Okay, rant over, time for more coffee.


----------



## Yggdrasil (Feb 3, 2022)

Thanks, wise words mate.


----------



## Martijn (Feb 4, 2022)

The op cearly missed the link to another post where the solution to his problem is given. (By me)
Reading the info given in the very clear and polite relpy from dave in stead of feeling corrected because he has soooo much experience.
Corrections are sometimes given because new members also read this and may get misinformed. 

Anyway... very wise words, AMS-pro!


----------



## orvi (Feb 4, 2022)

teriobost said:


> I got it fixed. I seriously don't know how or why you think it takes a long time to boil off AR. The only way it takes a long time is if there's an huge excess of nitric acid, which if you have any experience at all and understand economics then you use as little as possible. A half assed apology doesn't do anything when you still act like g-d's gift to gold. You could just simply admit that you made a lot of presumptive statements but apparently that's too hard. Good luck with your refining.

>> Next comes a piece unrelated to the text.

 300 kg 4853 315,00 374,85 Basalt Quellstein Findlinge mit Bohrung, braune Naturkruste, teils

If you boil down with watchglass on top, it would be painfully slow in the tall beaker. AR is majority water, and water has very high heat of evaporation. That´s it. That´s why denoxing agents are cleverly used to obviate the lengthy boil-down of acid solutions. Energy and time consuming. Could be done, certainly work, but slow.

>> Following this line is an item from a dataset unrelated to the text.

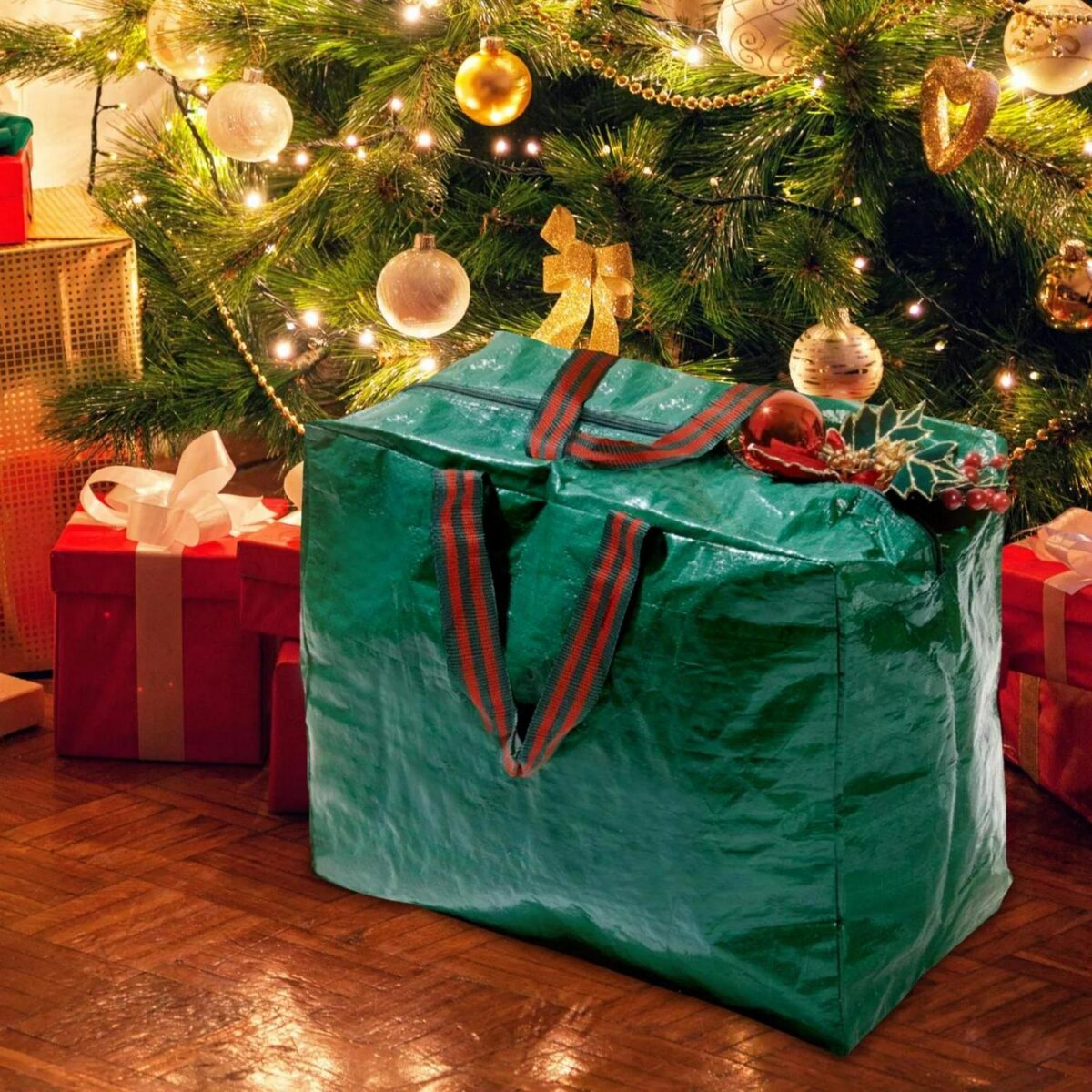 Large Christmas Ligh 0ae9190a045c6602bfc8e1b40172d38a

From 30 pounds of military grade connectors, there should be very nice pile of foils. Meaning lots of gold. I don´t know how would be possible to obtain semi-colloidal suspension of more than ounce of gold in the beaker, without some stabilising agents or organics involved. Very strange. Nothing settled to the bottom of the beaker after some hours ? Why diluting the AR gold solution when dropping the gold ? Usually, more you dilute the solution, finer the precipitate would be. If it will be unseparable, first thing would be to redissolve back to the solution and opt for another precipitant like ascorbic acid. Or cementing out on copper - this do not produce colloids as far as I know  

I would like to hear how you fixed this and collected the gold, as it might be interesting case-investigation for others


----------



## AMS-Pro (Feb 4, 2022)

orvi said:


> If you boil down with watchglass on top, it would be painfully slow in the tall beaker. AR is majority water, and water has very high heat of evaporation. That´s it. That´s why denoxing agents are cleverly used to obviate the lengthy boil-down of acid solutions. Energy and time consuming. Could be done, certainly work, but slow.
> 
> From 30 pounds of military grade connectors, there should be very nice pile of foils. Meaning lots of gold. I don´t know how would be possible to obtain semi-colloidal suspension of more than ounce of gold in the beaker, without some stabilising agents or organics involved. Very strange. Nothing settled to the bottom of the beaker after some hours ? Why diluting the AR gold solution when dropping the gold ? Usually, more you dilute the solution, finer the precipitate would be. If it will be unseparable, first thing would be to redissolve back to the solution and opt for another precipitant like ascorbic acid. Or cementing out on copper - this do not produce colloids as far as I know
> 
> I would like to hear how you fixed this and collected the gold, as it might be interesting case-investigation for others


I have to say, this was a beautiful transition back to the questions of chemicals and process. I wonder if his fix was maybe dissolving the gold back into the Aqua regia, then precipitating with Ferrous Chloride maybe? An interesting case investigation indeed.


----------



## Dougplogan (Feb 4, 2022)

What is the purpose of boiling solution down to a syrup? I get boiling off excess nitric but boiling down to syrup seems off to me. Just genuinely curious about that one. I don't have alot of experience but of the solutions I have done I've never heated to an actual boiling and a few hrs at near boiling has almost always worked. Of the times I have still actually had a small amount of nitric at that point urea or sulfamic acid quickly fixed it without adding very much volume at all. And I never really dilute solution much with water. I always thought more diluted ment finer gold when dropping? Again I've only done a few batches and just now passing the ounce mark on my stores gold. Almost all from ram. Fingers and bga chips off the ram and the ice chips with legs and the glass chips on the ram.


----------



## Yggdrasil (Feb 4, 2022)

That is how they did it in the past, and it was recommended in Hoke's book.
By evaporating to syrup, you drive off "all" the water capable of holding the nitric. Effectively driving the NOx out of solution. By adding HCl you create a minute amount of AR if there are still nitric available. And it will give off a bit of brown fumes. If so, you will have to repeat it.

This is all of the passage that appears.